Agosto volge al termine e la politica riprende il movimento? Non si sa mai se siano segnali reali o segnali di fumo, ma certe nuove posizioni di Forza Italia, qualche timido ripensamento nel PD sulla sensatezza della politica del muro contro muro, nonché un notevole nervosismo della destra, specie di quella più radicale, che si sente spiazzata, sembrano lasciare qualche spazio ad una fase più costruttiva.
Ci sembra significativo che un certo cambiamento nel partito guidato da Tajani sia stato messo in moto da dichiarazioni della famiglia Berlusconi, le quali hanno invitato a tenere conto che ci voleva un approccio più aperto riguardo alla politica dei “diritti civili”. Il gergo è quello della politica corrente, ma la sostanza non deve sfuggire.
I Berlusconi sono imprenditori della comunicazione di massa e sentono gli umori del largo pubblico: percepiscono che le impuntature cosiddette “identitarie” (in realtà crassi pregiudizi di settori in ritardo sui tempi e spaventati dalle novità inevitabili) coinvolgono ormai una quota minoritaria della popolazione.
Spaccare l’opinione pubblica su questi temi non conviene a nessuno: il paese deve affrontare prove difficili e non può certo farlo in una situazione di zuffa continua (Salvini e compagni se ne facciano una ragione).
Come sempre i tentativi di ripresa di un confronto un minimo aperto si fanno su questioni che non toccano a fondo gli schemi di gestione del potere, tanto di quello della maggioranza, quanto di quello dell’opposizione.
Così il tema sul tappeto è quello della cittadinanza da riconoscere ai ragazzi immigrati che approdano precocemente nel nostro paese e che, complice il palcoscenico olimpico, possono anche farci guadagnare medaglie (ma è solo il vertice di un iceberg).
Ragionevolmente FI riesuma la proposta di legare la concessione automatica della cittadinanza a quei ragazzi che abbiano completato un congruo ciclo scolastico nel nostro paese, superando la impostazione astratta che voleva la concessione a chi comunque fosse nato in Italia: una soluzione che, sia detto onestamente, taglierebbe fuori chi arriva e si stabilisce qui essendo nato fuori, e renderebbe cittadino chi magari vi nasce transitando occasionalmente per dirigersi poi in altri paesi senza entrare veramente in contatto con la nostra vita nazionale.
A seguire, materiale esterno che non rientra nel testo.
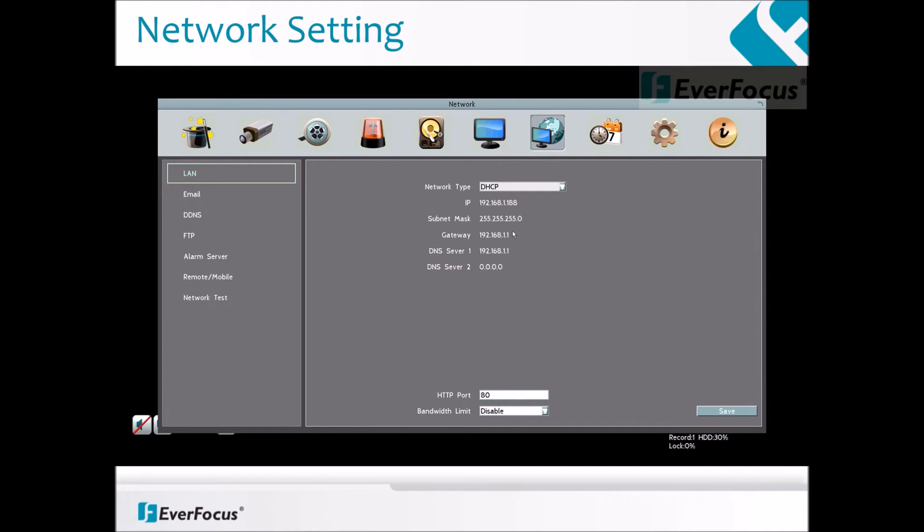In the system menu, click on the network icon. Choose the LAN option.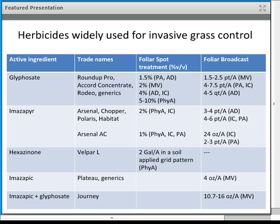Imazapic is an active ingredient found in Plateau and generics like Impose and Panoramic. For Microstegium, foliar treatments at four ounces per acre have worked very well. It also works as a pre-emergent material applied before Microstegium starts germinating, or as the combination product imazapic plus glyphosate, which is Journey, in that 10.7 to 16 ounce per acre range for Microstegium.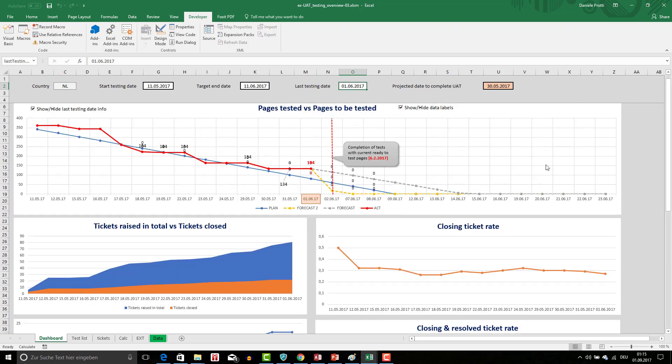All the secrets behind creating amazing dashboards will be explained in this course. It is not rocket science. It is basic knowledge built from my long professional experience, and I'm going to share it with you today, so that in just a few hours you will be able to create your own amazing dashboards and amaze your management or your clients.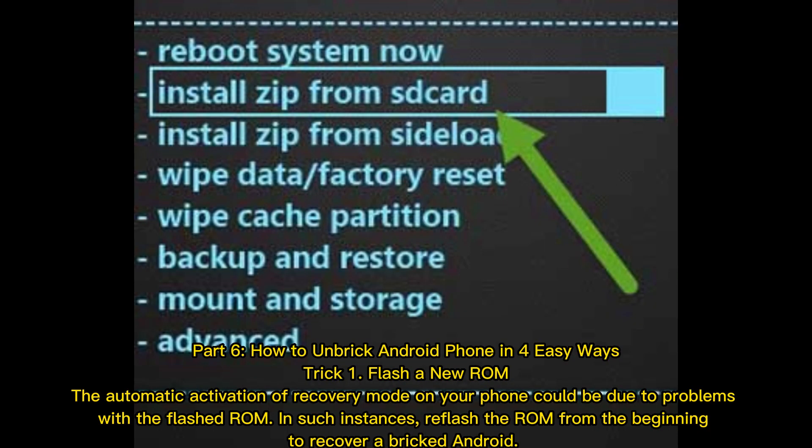Part 6: How to unbrick an Android phone in four easy ways. Trick 1: Flash a new ROM. The automatic activation of recovery mode on your phone could be due to problems with the flashed ROM. In such instances, re-flash the ROM from the beginning to recover a bricked Android.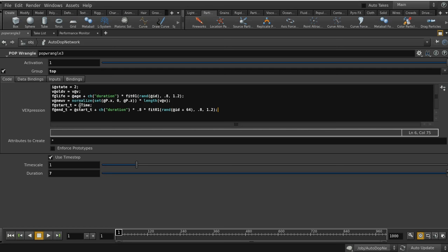We're setting up attributes recording the current time at which the particle enters state 2 as `start_t`, and an end transition time `end_t = start_t + duration * 0.8`, so particles won't die before the transition is finished. We randomize it using the ID attribute, and add an offset to make sure we're not getting the same results as the life randomization above.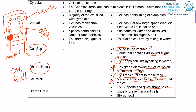Starch grains are normally present in the plant cell. The description is that they are there to store food. Starch grains are found in the cytoplasm and are slightly smaller than chloroplasts.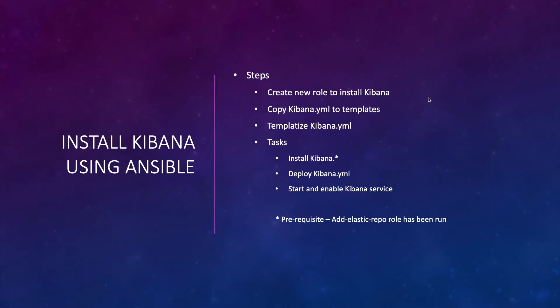Hey guys, let's deploy Kibana, which is the user interface for Elasticsearch, using Ansible. In this video, there are four steps: First, we will create a new role to install Kibana. After that, we will copy kibana.yaml to the templates directory inside the new role. Third, we will templatize Kibana where we will take out all the values from kibana.yaml and store them as variables, so you don't need to change the kibana.yaml file when making updates.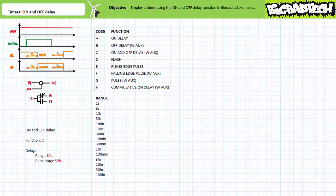Troubleshooters take note: a multifunction timer executing the right function at the wrong time needs to have the delay adjusted; a multifunction timer executing the wrong function at the right time needs to have the function adjusted. A misinterpretation of functions is not a rare occurrence — you need to be aware of this possibility. Multifunction timers executing the on and off delay are often represented schematically as regular normally closed or normally open contacts, and the documentation associated with the ladder logic diagram should clearly indicate they are performing the on and off delay function.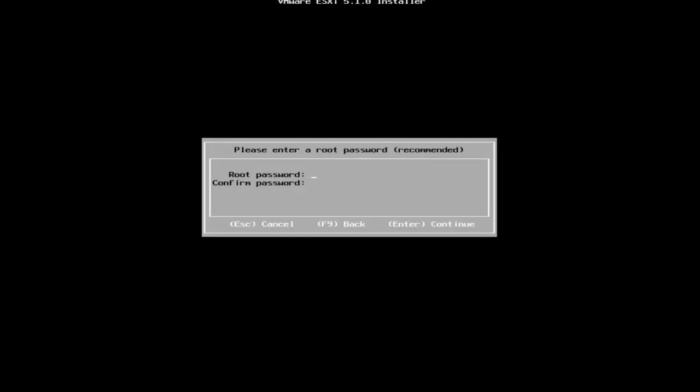After the keyboard layout selection screen, you will then be asked to specify a password for the root user account. You can leave the password blank, but to secure this system from the first boot, enter a password. You can change the password after installation in the direct console.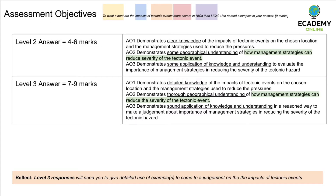To get four to six marks, you need to demonstrate clear knowledge of the impacts of tectonic events, give some examples of management strategies, and talk about how important they might be. We're all aiming for level three, seven to nine marks, where you give detailed knowledge, specific management strategies and how they reduce severity, and come to a judgment about the importance of those strategies in HICs or LICs.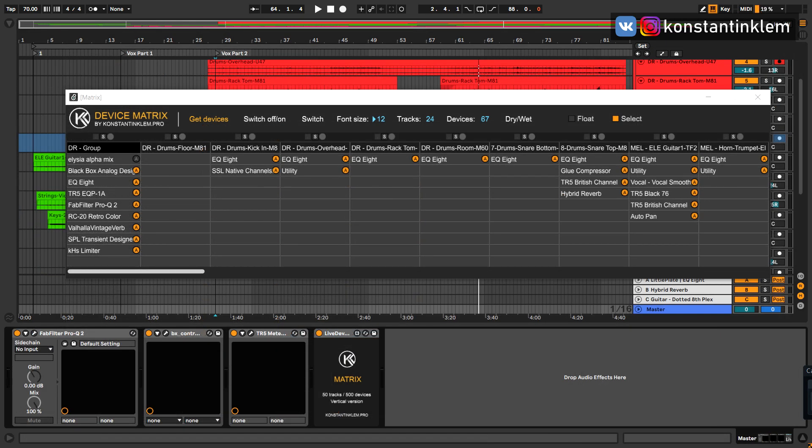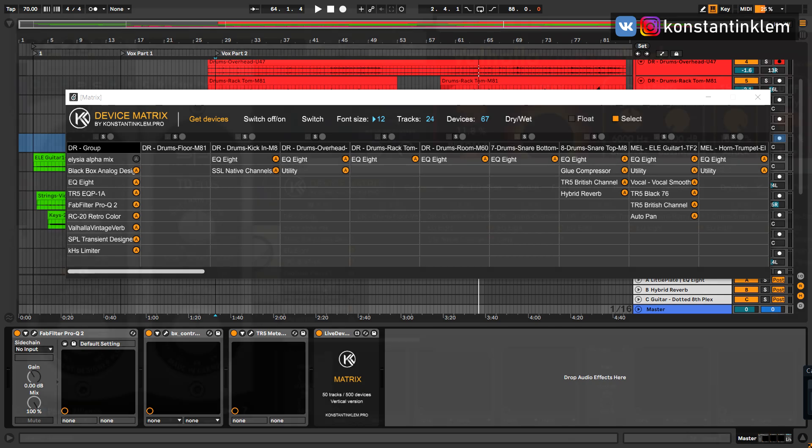Now you can change the Dry, Wet or Mix parameter not only for native Ableton Live devices, but also for VST plugins. As an example, I will change the Mix parameter for some popular plugins.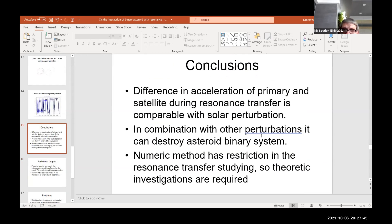A few conclusions: the difference in acceleration of the primary and satellite during resonance passage is comparable with the solar perturbation. In combination with other perturbations, it can destroy the asteroid binary system. The numerical method has restrictions in this study, and further investigation is required.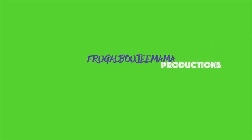Frugal Bougie Mama Productions. Subscribe.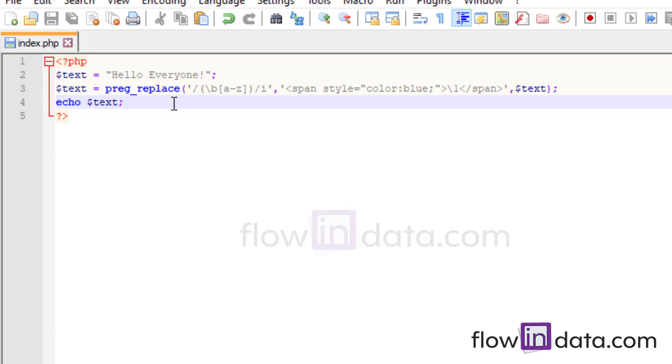And this is how we use the preg_replace. And there are many things you can do with preg_replace function. So see you in the next video. Thank you for being with us.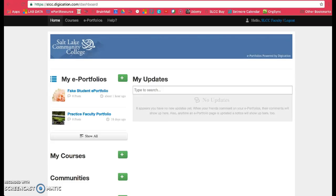In this tutorial, I'll show you how to link your SLCC Digication ePortfolio to your MySLCC account.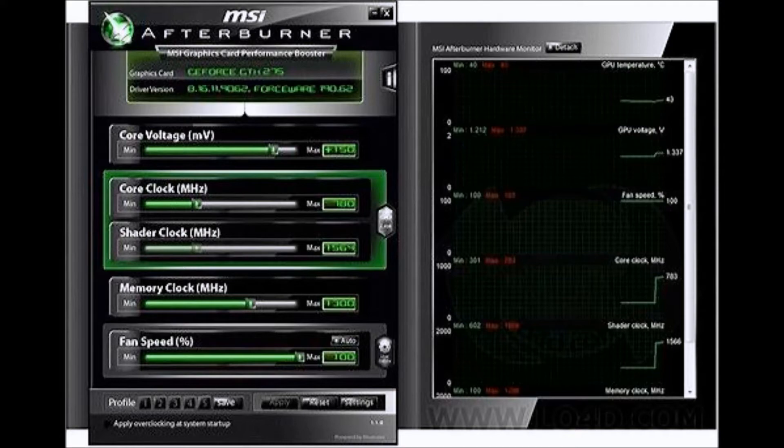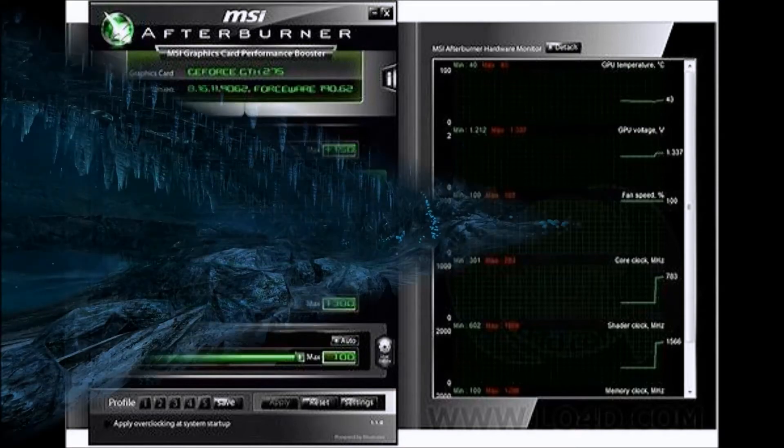Here are two clips — one using Fraps and one using MSI Afterburner — both taken from a Steam game called Dear Esther.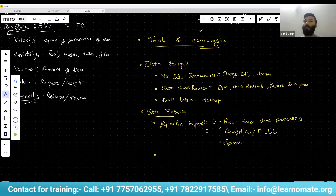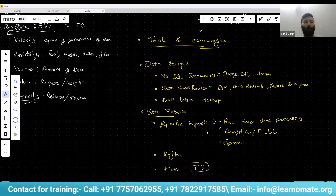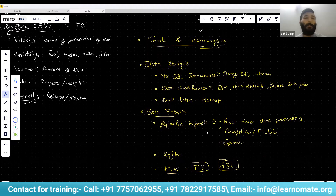The second processing tool is Kafka, also an Apache product. Third is Hive, which was created by Facebook and is now open source. Hive helps you work with data stored in data lakes, and its major benefit is that it uses SQL-like queries — so if you know SQL, Hive is easy to work with.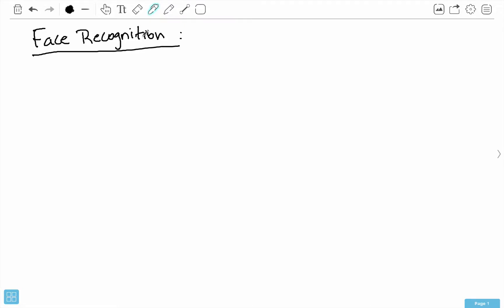Hello everybody, my name is Mohit Deshpande, and in this video I want to introduce you guys to face recognition and some of the topics that we'll be discussing over these next few videos.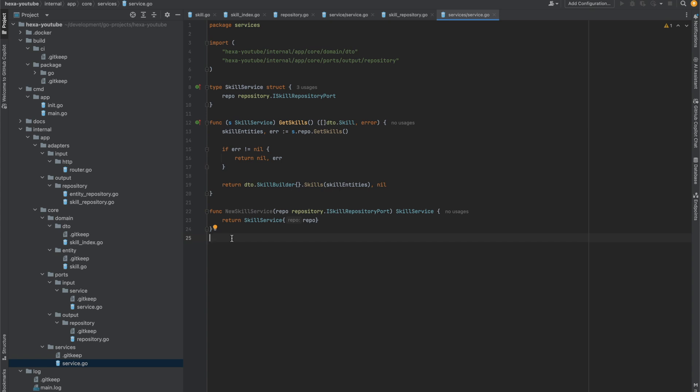We've mostly developed our service. Now let's proceed to finalize it by writing our handler file, which manages the incoming requests.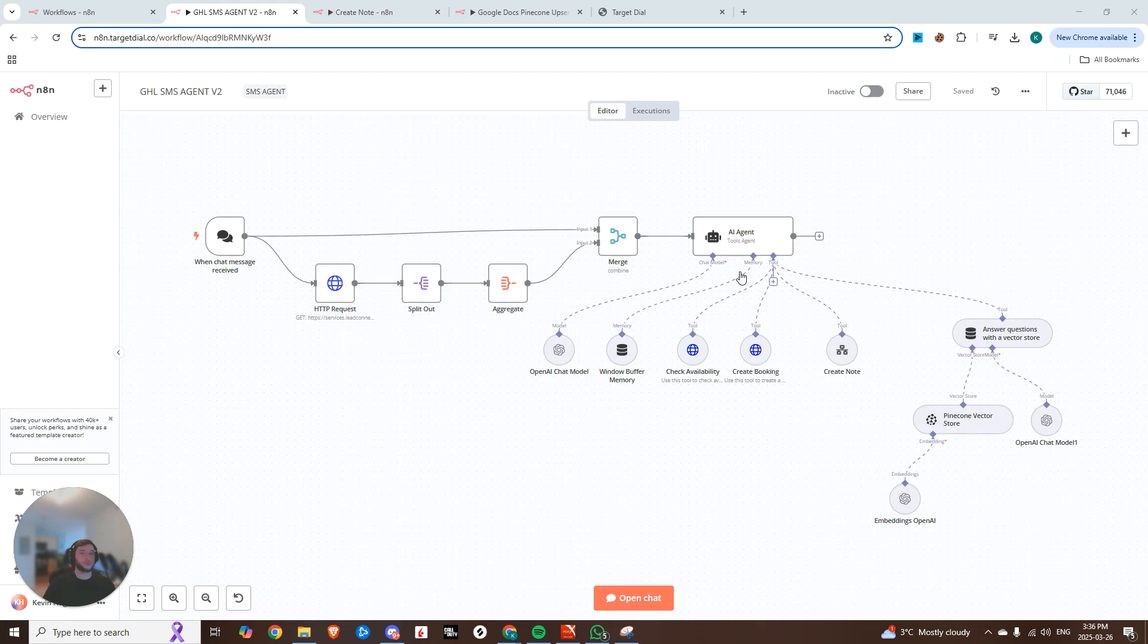Hey guys, so today I want to talk to you about something pretty cool. We all know how effective voice agents are for outbound calls through Facebook ads, especially for automated sequences.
L’opposizione di sinistra ha raccolto la palla, pur facendo mostra di acconsentire ad un “compromesso” rispetto alla sua tesi sul cosiddetto “ius soli”, e questo potrebbe mostrare che sul problema dell’adeguamento delle nostre leggi ad un sistema sociale in profonda evoluzione si può e si deve ragionare insieme. Lo è stato colto anche a livello della Lega dove il governatore Zaia ha avuto parole di molto buon senso al riguardo.
Ovviamente non mancano i giochetti politici a margine. Il leader pentastellato Conte ha abilmente approfittato della circostanza per intestarsi lo “ius scholae” distinguendosi da un PD che fatica a tenere sotto controllo le sue deviazioni gauchiste. Salvini, che teme la concorrenza dell’estremismo di Vannacci, alza barricate, ma soprattutto Giorgia Meloni appare sempre più incerta su come impostare la sua leadership.
La presidente del Consiglio non sa decidersi a prendere lei l’iniziativa di un ridimensionamento conservatore della sua formazione, timorosa di perdere il consenso di un bacino elettorale di destra radicale (e di un gruppo storico di suoi colonnelli che in quel clima si sono formati), ma al tempo stesso almeno vagamente consapevole che se va avanti su quella strada le sue possibilità di mantenersi al potere si ridurranno.
Per chi come lei ha intuito da tempo il ruolo chiave del posizionamento internazionale dovrebbe essere chiaro che per contare in quel contesto il salvinismo e le nostalgie della vecchia destra identitaria post fascista le sono d’ostacolo.
Scommettere sulla vittoria di Trump alle presidenziali americane è al momento puntare su una incertezza, ma anche nel caso vincesse è più che dubbio che il primo pensiero di “the Donald” sarebbe sostenere il governo italiano in caso di forti turbolenze anche solo a livello economico (basta leggersi il programma della sua politica doganale…). In ogni caso è nella UE che si giocherà una partita importante: c’è la questione del nuovo patto di stabilità e fra un po’ ci sarà il problema di ripagare il debito acceso per il finanziamento del PNRR, che non è tutto a fondo perduto.
Insomma ce ne sarebbe abbastanza per invogliare tutti, maggioranza e opposizioni, a tenere conto di una realtà che richiede coesione pur nel confronto. In termini ragionevoli, politici e non idilliaci ovviamente, cosa peraltro non semplice con quella che sarà una lunga stagione di scontri elettorali regionali da qui a metà dell’anno prossimo.